Default app-wide CORS rarely fits what an MCP endpoint needs. We had https://macroline.app and our localhost dev origins on the allow-list, which was fine for the iOS client and fine for direct-server-to-server calls — but broke when claude.ai tried to fetch our .well-known/oauth-authorization-server cross-origin during connector setup.

Fix: a separate, narrower CORS policy mounted only on the MCP-related routes that includes claude.ai origins. The default global policy stays restricted.
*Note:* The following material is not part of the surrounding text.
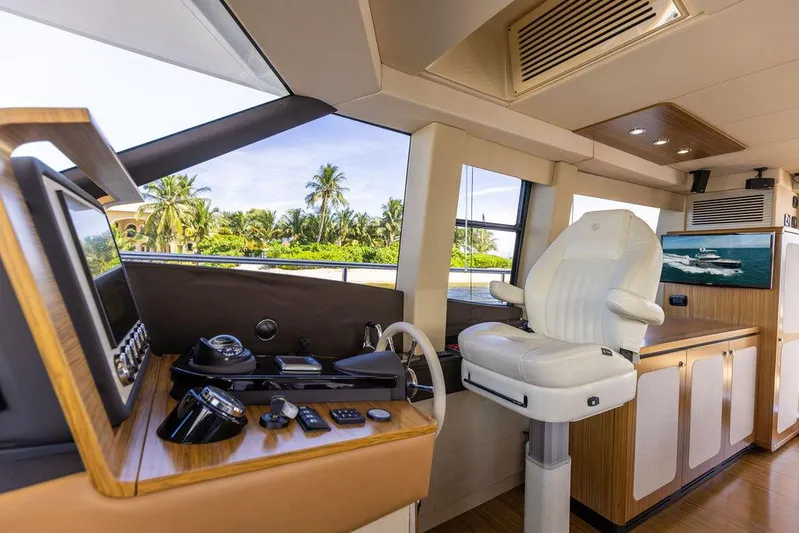 Septembre Yacht Photos Pics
Response sizes — model context windows are smaller than you think

Tool responses get inlined into the model’s context. A get_diary that returns 6 weeks of entries with all 12 fields each will easily blow past 25k tokens, which is the soft cap for inline tool responses in many client harnesses.

We learned to:

Default ranges narrow (last 7 days)
Strip fields the model doesn’t need (timestamps as ISO strings, not full Date objects with timezones)
Paginate aggressively
Summarize where possible — for get_diary we could return per-day rollups instead of every entry

The model can always ask for more. It can’t recover from a response that fills its context.

What’s still rough in the ecosystem

A few things that will get better but currently aren’t great:

Testing tools. MCP Inspector is fine but it’s not a full test harness. Writing automated tests for “does this tool description trigger the model correctly” requires running an actual model.

Error UX in clients. When your MCP server returns a JSON-RPC error, what the user sees in claude.ai varies. Sometimes a clean message, sometimes raw JSON, sometimes nothing.

Rate limit conventions. No standard for how MCP servers signal “back off.” We’re using HTTP 429 + Retry-After and hoping clients respect it.

The high-order takeaway

Building an MCP server is more work than building a REST API, but less work than building a CLI + REST API + custom Slack bot + Zapier integration. It’s net-better. And the moment your users start asking “can I get this in Claude,” the work pays off in a way other integrations don’t.

Worth doing. Worth doing correctly the first time.